- Work to be completed:
In the records below, find the line containing "Blue ornaments on a Christmas border" and the line containing "Letto o letti"; please repeat exactly the lines from one to the other, both included, and nothing more.
=-=-=
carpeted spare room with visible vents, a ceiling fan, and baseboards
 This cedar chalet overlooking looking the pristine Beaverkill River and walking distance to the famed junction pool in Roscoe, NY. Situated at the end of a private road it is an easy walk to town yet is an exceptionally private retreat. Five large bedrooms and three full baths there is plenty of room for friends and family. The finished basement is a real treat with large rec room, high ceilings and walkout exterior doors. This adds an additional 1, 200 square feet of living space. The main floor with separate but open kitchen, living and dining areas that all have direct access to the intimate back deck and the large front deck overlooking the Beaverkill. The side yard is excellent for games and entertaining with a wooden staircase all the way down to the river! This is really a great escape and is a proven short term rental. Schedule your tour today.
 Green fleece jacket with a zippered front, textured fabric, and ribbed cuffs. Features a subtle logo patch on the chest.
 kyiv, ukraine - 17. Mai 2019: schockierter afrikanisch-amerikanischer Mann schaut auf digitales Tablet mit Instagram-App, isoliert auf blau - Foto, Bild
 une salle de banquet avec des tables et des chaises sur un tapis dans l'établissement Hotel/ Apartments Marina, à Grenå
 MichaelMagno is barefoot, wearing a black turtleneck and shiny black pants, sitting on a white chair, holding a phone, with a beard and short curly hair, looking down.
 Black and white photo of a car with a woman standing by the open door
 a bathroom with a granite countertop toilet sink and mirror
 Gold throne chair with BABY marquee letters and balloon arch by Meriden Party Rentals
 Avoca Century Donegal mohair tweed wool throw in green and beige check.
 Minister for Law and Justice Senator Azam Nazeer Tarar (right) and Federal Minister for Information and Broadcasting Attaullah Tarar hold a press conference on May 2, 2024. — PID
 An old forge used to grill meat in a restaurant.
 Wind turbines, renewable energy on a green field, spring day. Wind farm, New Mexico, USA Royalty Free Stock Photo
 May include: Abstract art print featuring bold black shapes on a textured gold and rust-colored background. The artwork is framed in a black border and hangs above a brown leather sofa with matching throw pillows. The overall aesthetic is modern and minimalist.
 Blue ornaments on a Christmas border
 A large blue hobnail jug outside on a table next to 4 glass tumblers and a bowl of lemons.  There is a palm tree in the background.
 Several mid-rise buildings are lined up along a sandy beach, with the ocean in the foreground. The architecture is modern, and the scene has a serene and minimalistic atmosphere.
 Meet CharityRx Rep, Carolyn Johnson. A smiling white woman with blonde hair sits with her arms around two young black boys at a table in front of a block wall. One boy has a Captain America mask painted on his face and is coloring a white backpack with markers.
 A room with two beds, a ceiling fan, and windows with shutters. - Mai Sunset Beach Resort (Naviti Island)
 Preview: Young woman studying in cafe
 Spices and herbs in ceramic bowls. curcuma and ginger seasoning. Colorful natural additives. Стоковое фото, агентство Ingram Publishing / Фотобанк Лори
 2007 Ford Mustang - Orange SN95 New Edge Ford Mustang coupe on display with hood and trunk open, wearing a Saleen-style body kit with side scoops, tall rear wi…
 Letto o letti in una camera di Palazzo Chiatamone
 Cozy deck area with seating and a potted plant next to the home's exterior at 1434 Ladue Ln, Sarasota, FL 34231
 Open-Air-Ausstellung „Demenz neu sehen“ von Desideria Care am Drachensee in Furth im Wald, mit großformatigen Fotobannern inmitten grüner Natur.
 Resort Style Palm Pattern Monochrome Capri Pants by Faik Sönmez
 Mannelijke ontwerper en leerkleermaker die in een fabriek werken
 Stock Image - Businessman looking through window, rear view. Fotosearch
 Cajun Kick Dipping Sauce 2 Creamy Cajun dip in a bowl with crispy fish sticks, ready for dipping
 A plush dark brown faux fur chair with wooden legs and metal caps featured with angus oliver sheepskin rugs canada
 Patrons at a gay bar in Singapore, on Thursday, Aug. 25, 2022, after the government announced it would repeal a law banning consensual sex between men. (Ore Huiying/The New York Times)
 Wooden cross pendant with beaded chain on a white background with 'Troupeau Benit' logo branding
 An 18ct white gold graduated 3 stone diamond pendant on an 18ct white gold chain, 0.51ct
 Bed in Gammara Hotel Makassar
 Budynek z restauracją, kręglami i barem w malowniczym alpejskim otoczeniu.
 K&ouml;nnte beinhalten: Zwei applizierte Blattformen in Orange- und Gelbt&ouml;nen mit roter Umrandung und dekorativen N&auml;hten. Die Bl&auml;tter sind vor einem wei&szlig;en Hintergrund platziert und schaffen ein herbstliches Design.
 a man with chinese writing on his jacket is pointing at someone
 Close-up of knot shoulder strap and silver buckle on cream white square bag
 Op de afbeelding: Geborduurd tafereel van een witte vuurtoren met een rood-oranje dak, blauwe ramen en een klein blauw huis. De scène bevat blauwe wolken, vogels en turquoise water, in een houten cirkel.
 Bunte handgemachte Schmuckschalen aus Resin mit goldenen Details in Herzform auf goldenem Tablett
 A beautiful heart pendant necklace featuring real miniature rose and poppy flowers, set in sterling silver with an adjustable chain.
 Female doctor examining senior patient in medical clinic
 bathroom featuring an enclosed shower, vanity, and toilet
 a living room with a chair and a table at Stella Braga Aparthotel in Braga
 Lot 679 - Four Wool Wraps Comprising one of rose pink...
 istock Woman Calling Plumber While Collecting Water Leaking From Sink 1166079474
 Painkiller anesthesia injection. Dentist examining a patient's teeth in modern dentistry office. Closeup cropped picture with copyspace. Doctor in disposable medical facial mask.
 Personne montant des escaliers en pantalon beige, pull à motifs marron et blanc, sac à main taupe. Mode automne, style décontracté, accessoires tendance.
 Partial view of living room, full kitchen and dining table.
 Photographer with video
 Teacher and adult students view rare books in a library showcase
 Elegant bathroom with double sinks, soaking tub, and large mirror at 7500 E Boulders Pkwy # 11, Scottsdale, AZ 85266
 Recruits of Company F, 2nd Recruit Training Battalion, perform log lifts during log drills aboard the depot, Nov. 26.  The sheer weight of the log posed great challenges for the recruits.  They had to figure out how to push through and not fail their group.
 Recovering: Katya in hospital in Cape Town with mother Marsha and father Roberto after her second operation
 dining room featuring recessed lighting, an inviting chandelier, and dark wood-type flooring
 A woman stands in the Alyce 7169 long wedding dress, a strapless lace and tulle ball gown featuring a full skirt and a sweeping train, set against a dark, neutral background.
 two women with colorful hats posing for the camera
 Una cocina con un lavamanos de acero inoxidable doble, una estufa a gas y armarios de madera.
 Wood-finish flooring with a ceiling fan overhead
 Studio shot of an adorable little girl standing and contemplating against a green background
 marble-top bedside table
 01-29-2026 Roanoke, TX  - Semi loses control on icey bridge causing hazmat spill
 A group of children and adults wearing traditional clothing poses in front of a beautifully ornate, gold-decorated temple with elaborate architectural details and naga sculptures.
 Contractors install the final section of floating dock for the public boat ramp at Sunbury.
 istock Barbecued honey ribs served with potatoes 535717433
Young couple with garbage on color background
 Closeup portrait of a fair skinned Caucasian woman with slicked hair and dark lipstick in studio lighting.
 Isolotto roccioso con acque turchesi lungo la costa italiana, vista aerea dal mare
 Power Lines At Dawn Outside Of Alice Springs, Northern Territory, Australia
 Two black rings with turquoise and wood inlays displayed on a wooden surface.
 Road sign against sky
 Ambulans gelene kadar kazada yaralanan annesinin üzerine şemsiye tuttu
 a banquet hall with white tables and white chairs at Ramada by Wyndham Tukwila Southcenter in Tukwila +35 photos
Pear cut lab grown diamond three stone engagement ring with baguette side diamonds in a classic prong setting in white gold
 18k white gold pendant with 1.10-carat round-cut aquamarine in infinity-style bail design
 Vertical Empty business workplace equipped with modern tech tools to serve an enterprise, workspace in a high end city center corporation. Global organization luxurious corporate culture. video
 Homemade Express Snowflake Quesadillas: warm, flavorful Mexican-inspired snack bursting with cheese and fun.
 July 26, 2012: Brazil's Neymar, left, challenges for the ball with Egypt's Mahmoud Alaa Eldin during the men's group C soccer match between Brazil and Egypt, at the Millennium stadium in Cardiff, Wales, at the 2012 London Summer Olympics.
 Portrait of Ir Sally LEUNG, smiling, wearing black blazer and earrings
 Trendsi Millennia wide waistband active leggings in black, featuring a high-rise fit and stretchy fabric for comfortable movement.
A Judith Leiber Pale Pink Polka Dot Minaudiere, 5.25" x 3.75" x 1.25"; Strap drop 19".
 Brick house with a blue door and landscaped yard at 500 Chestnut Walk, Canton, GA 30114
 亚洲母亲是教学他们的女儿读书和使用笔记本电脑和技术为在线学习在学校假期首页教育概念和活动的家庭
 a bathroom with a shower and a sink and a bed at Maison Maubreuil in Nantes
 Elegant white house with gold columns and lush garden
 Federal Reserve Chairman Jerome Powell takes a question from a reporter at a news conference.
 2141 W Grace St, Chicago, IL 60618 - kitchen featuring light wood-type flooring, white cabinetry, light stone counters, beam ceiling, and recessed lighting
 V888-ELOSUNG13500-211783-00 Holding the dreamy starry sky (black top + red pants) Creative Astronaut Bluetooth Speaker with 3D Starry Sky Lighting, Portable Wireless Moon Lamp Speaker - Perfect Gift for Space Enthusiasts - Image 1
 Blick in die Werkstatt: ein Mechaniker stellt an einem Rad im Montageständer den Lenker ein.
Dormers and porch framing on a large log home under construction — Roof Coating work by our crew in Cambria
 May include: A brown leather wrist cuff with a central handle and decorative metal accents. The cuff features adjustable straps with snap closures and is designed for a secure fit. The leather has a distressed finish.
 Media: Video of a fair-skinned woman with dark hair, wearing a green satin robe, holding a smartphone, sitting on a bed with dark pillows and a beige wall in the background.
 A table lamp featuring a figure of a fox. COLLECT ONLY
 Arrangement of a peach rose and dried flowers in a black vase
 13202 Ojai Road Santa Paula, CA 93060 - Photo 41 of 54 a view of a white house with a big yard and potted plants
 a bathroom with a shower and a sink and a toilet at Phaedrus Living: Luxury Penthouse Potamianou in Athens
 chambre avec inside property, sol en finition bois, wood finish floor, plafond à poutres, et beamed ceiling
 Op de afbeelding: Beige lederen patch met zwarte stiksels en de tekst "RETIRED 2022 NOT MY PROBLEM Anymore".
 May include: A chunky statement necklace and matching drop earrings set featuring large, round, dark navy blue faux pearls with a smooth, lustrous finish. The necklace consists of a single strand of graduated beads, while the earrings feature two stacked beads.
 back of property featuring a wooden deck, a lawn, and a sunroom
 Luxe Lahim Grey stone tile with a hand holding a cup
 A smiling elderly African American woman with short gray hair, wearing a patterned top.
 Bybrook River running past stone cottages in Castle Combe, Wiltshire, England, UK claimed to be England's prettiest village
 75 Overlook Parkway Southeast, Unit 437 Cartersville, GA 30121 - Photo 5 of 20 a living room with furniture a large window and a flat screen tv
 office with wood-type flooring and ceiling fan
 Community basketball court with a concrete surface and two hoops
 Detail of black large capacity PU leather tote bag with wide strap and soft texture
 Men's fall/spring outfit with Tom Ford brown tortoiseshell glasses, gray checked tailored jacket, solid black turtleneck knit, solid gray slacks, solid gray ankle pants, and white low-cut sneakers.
=-=-=
- Answer section:
 Blue ornaments on a Christmas border
 A large blue hobnail jug outside on a table next to 4 glass tumblers and a bowl of lemons.  There is a palm tree in the background.
 Several mid-rise buildings are lined up along a sandy beach, with the ocean in the foreground. The architecture is modern, and the scene has a serene and minimalistic atmosphere.
 Meet CharityRx Rep, Carolyn Johnson. A smiling white woman with blonde hair sits with her arms around two young black boys at a table in front of a block wall. One boy has a Captain America mask painted on his face and is coloring a white backpack with markers.
 A room with two beds, a ceiling fan, and windows with shutters. - Mai Sunset Beach Resort (Naviti Island)
 Preview: Young woman studying in cafe
 Spices and herbs in ceramic bowls. curcuma and ginger seasoning. Colorful natural additives. Стоковое фото, агентство Ingram Publishing / Фотобанк Лори
 2007 Ford Mustang - Orange SN95 New Edge Ford Mustang coupe on display with hood and trunk open, wearing a Saleen-style body kit with side scoops, tall rear wi…
 Letto o letti in una camera di Palazzo Chiatamone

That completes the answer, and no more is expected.